A second condition is to support the claim that any differences in housing prices must be the result of stigma alone, as opposed to stigma acting in conjunction with several effects. If people fear a second shooting or think that the quality of schooling at Columbine has dropped, then there is more than just stigma. I made the argument that Columbine High School reopened in August 1999 as planned and that Columbine’s school quality remained unchanged as staff members took a strong “return to normal” approach. Also, the media coverage largely referred to Columbine as a one-off event. Even Bill Clinton referred to how “if it could happen in [Columbine]”, referring to the randomness of the tragedy. Thus, only stigma could be affecting housing prices.
So if you buy that the Columbine Shooting was a random event that didn’t leave any noticeable changes to the area and that houses that attend Columbine are similar to those nearby, then any difference in housing prices can be attributed to stigma.
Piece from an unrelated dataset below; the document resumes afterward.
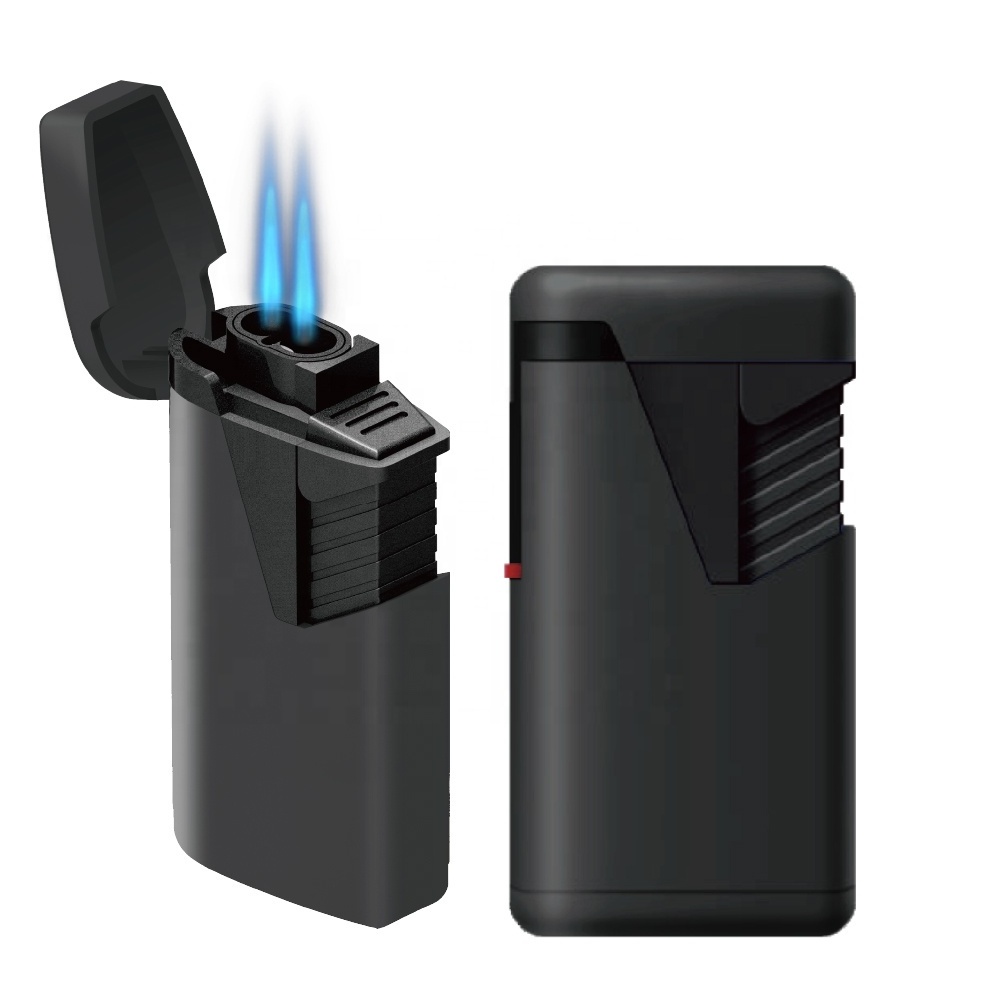 ZENGAZ ZL-9 Windproof Custom Logo Refillable Butane Gas Double Flame Jet Cigar Torch Lighter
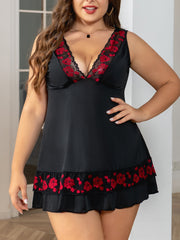 Sexy Nightdress Women's Plus Floral Jacquard Lace V Neck Sleep Dress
Then it was time to run the numbers. Here is the key graph:
The solid line is the Columbine area, the dotted line the control group. As you can see, in the decade before the 1999 Columbine Shooting, the treatment group and control group are in lockstep with one another. Then, they diverge right about the time the shooting occurred.
Note, and this is key, that prices in the Columbine area did not drop because of the shooting. They just didn’t increase as fast as the control group. This is one of the difficult aspects of economics - finding cause and effect often means identifying a difference in trends between a treatment and control group, not discovering a total reversal in the treatment group identifiable in a vacuum.
So how big was this result? Well according to the analysis, I found that the Columbine Shooting lowered housing prices by about 6% the year after the shooting. So people were still willing to buy houses in the Columbine area, but they needed a small discount on the price. What do you think? Would you buy a house in an area that just had a mass shooting? If so, how big of discount on the price of the house would you want?